Pero su lugar en la historia de Chile estará dado por su participación en el proceso de término de la dictadura e inicios de la democracia. El liderazgo de Patricio Aylwin pertenece al tipo de lo que puede llamarse liderazgo instituido o constituido por oposición a lo que sería un liderazgo instituyente o constituyente. El primero es el que implementa, canaliza y dirige lo ya constituido. El segundo, es el que crea o genera un movimiento o un proceso e inaugura una época.
Tanto en el liderazgo ejercido durante la UP, como luego en la lucha contra la dictadura y en el primer período democrático postdictatorial del cual fue presidente, Aylwin asumió una responsabilidad que le fue conferida por otros. Una, por la oposición golpista de derecha a Salvador Allende; otra, por la oposición a la dictadura y su rol en la coalición de centroizquierda, tanto como Concertación de Partidos por el No en el plebiscito de 1987 y luego en la Concertación de Partidos por la Democracia para asumir el gobierno consagrándolo presidente.

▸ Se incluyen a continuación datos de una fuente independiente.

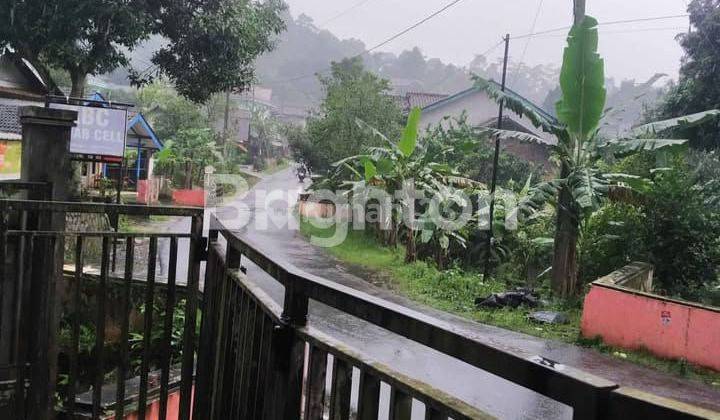 RUMAH COCOK UNTUK VILLA DI JALAN LIMBANGAN KE BANDUNGAN 2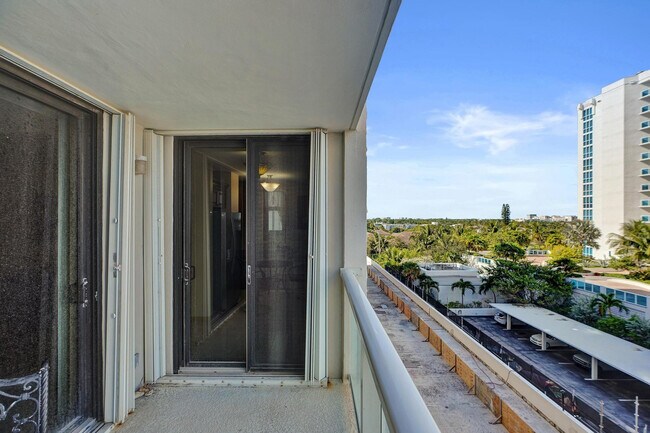 Building Photo - 1000 S Ocean Blvd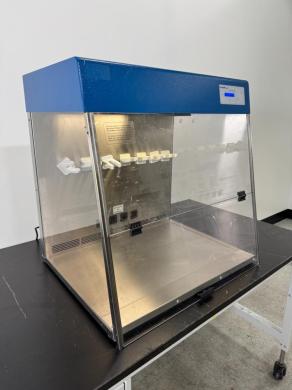 VWR 3' PCR Workstation-cover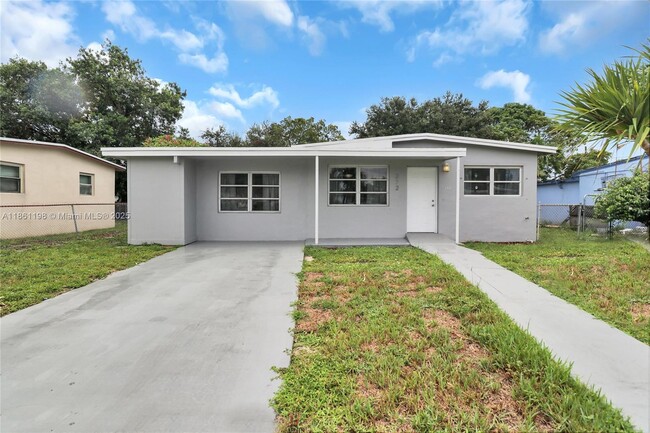 Photo - 272 NW 30th Terrace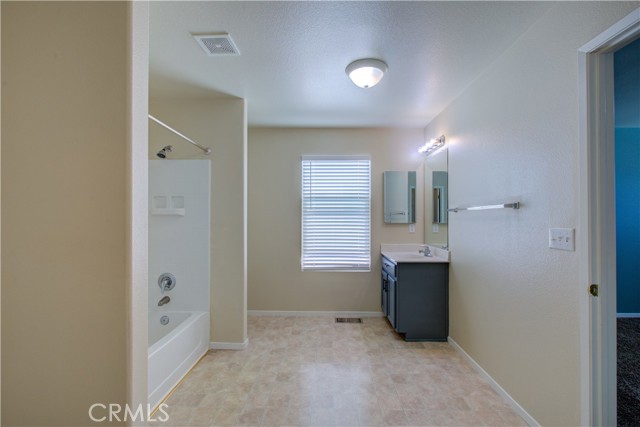 Detail Gallery Image 30 of 43 For 3751 Morning Glory Ave, Merced,  CA 95348 - 3 Beds | 2/1 Baths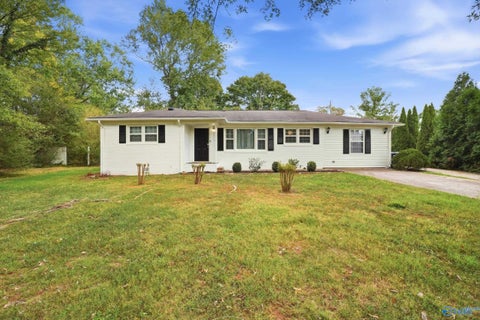 Homes For Sale - 6506 Sheri Drive<br/> Huntsville, AL 35806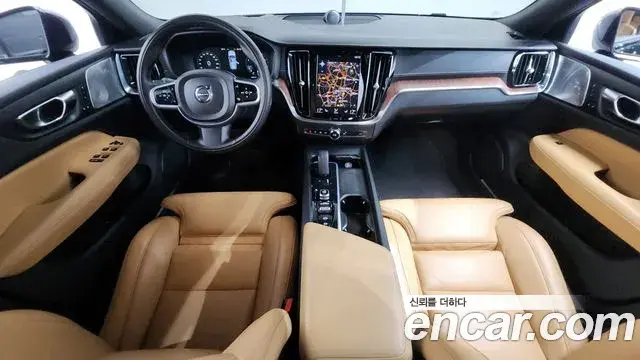 Volvo V60 Cross Country 2021 — Photo 35/36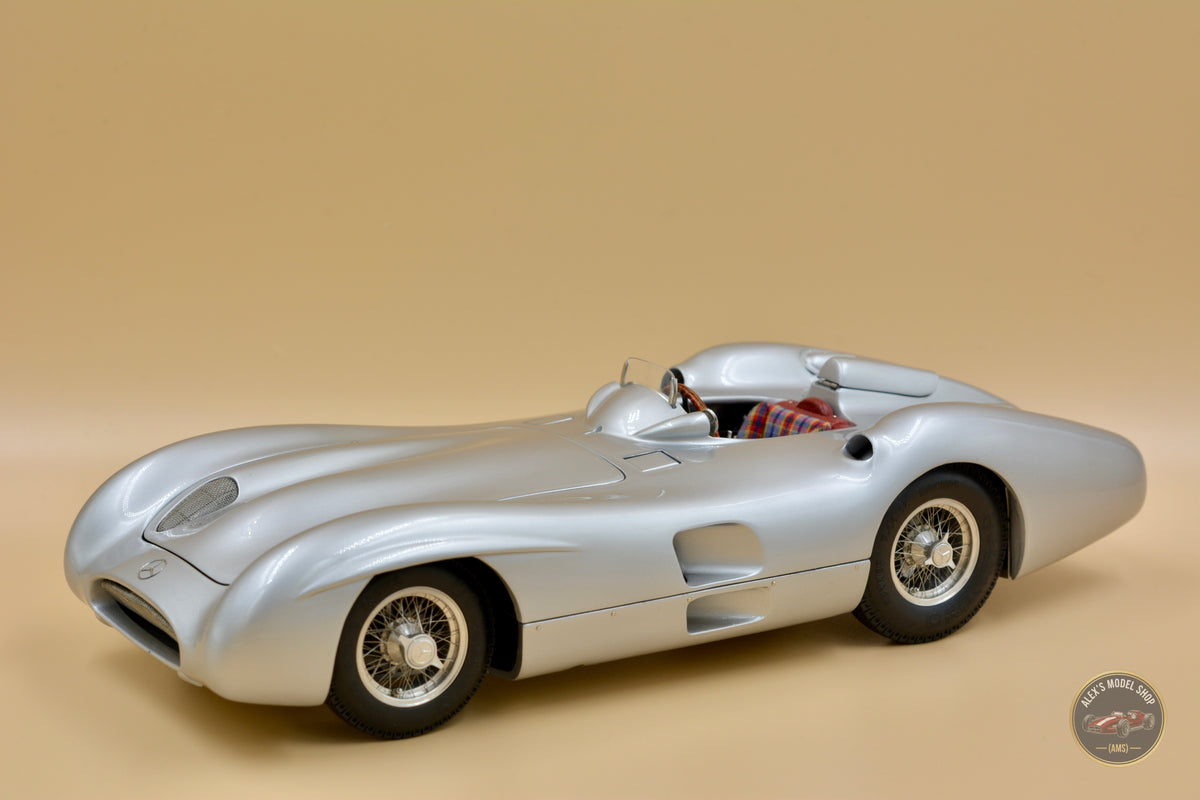 CMC M-044 Mercedes-Benz W196 Stromlinienwagen 1955, Dreiviertelansicht vorne rechts, Modellauto im Massstab 1:18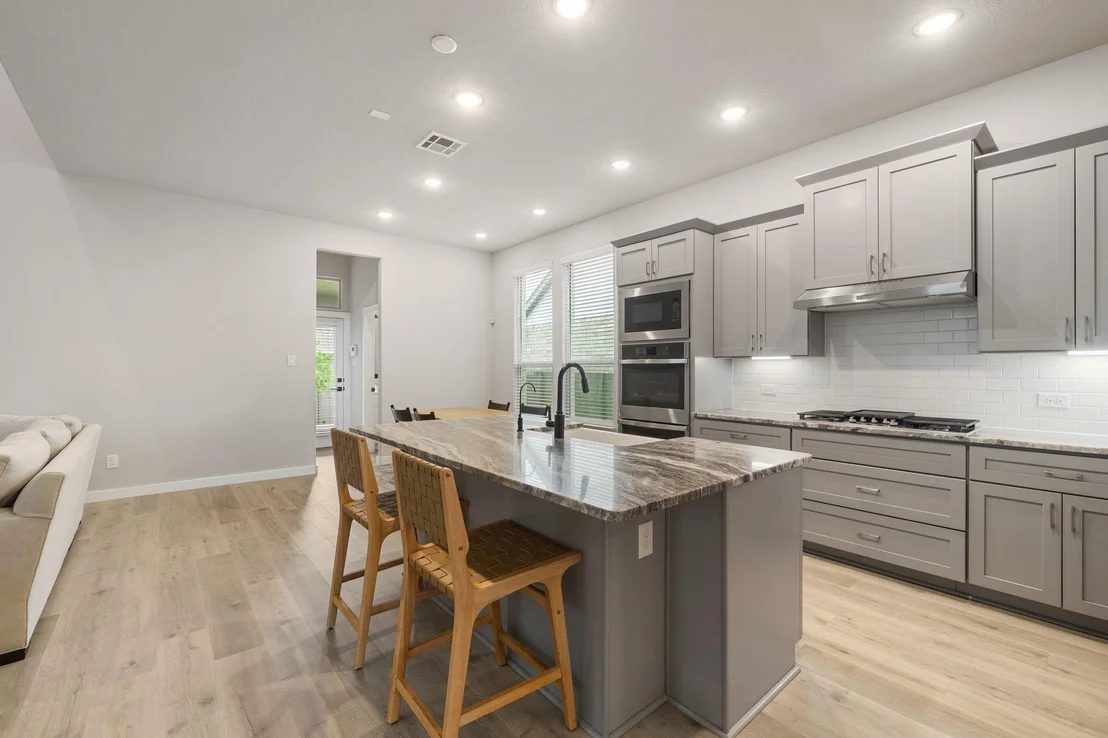 Photo of 3321 Scotsman Road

En ambos casos, fue no el creador ni fundador, sino el conductor, y en esa calidad principal intérprete de lo que debía ser el proyecto correspondiente.
Así, hay que aceptar que Aylwin presidente fue un producto de la alianza de centroizquierda y del proceso de cambio de régimen dictatorial. En esa calidad de implementador, cabe destacar su estilo de político tradicional, democrático, serio, responsable y dialogador, sabiendo dirigir algo que no había creado. Y en ese sentido, es normal que él les diera un sesgo a la coalición y a su gobierno acorde con lo que era su trayectoria, distinto al que le hubiera dado un Gabriel Valdés o un Ricardo Lagos, para hablar de los principales liderazgos fundantes o instituyentes de esa época en el campo democrático. Y ese sesgo vino dado por no intentar terminar con los fundamentos de la herencia de la dictadura en el plano socioeconómico y político, sino aprovechar los espacios que esa herencia permitía. La medida de lo posible, aplicada no sólo a la cuestión de la justicia, sino sobre todo en estos campos, fue dada a partir de un juicio discutible sobre lo que era la situación del país y de una interpretación particular de lo que eran las potencialidades del proceso que se iniciaba.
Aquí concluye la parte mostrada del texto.